Exercise instructions
Retype each line below precisely and omit all images.

Supplied material
===============
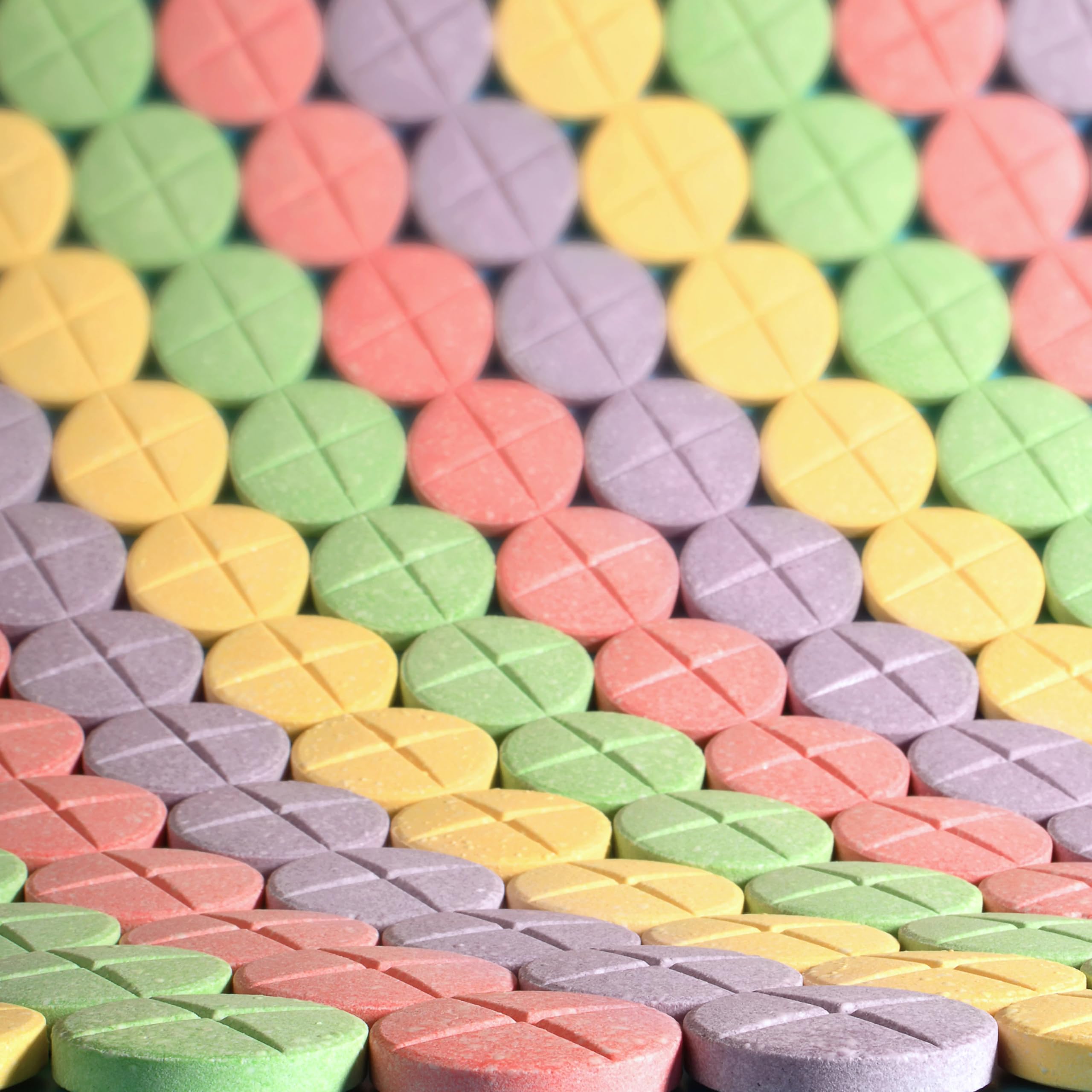 SweeTARTS next to a coin to show size and portion clarity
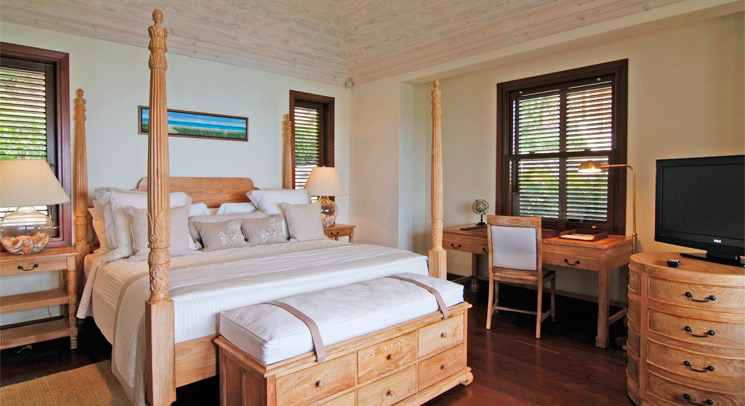 Hotel bedroom with a wooden four-poster bed, white linens, dark wood shuttered windows, warm cozy mood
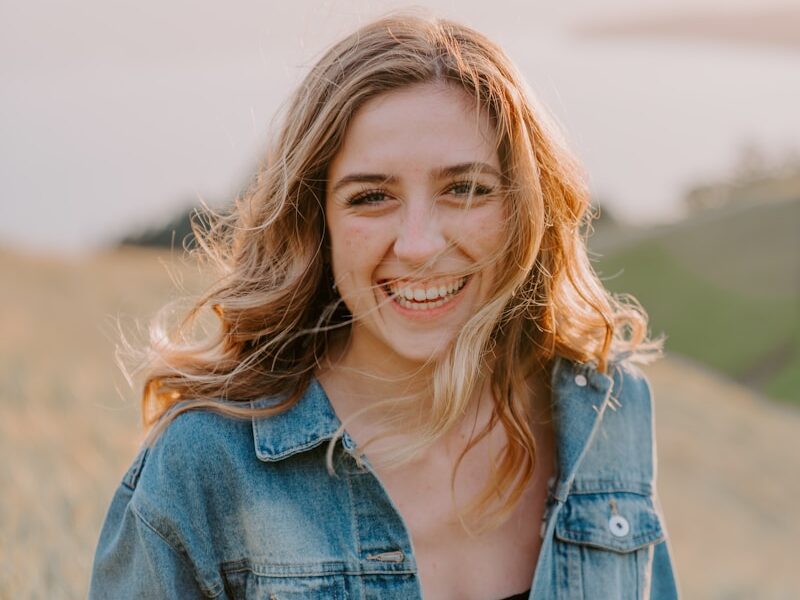 smiling woman sitting on grass during daytime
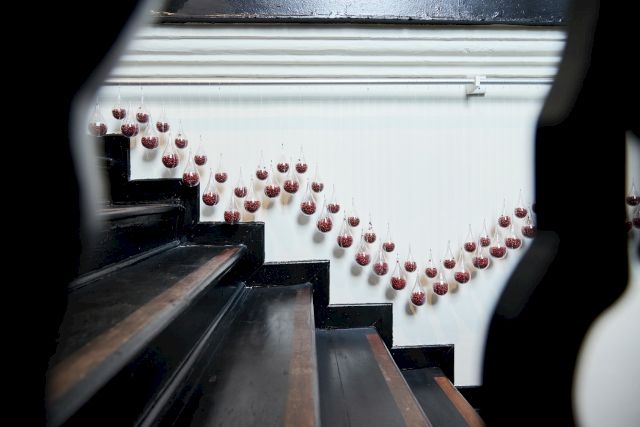 Kumari Nahappan, Drop Drop Droppings, 2022/2023, Saga seeds, plastic baubles, Dimensions variable. Photo: Courtesy of The Private Museum, Singapore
===============
Answer to this exercise
 SweeTARTS next to a coin to show size and portion clarity
 Hotel bedroom with a wooden four-poster bed, white linens, dark wood shuttered windows, warm cozy mood
 smiling woman sitting on grass during daytime
 Kumari Nahappan, Drop Drop Droppings, 2022/2023, Saga seeds, plastic baubles, Dimensions variable. Photo: Courtesy of The Private Museum, Singapore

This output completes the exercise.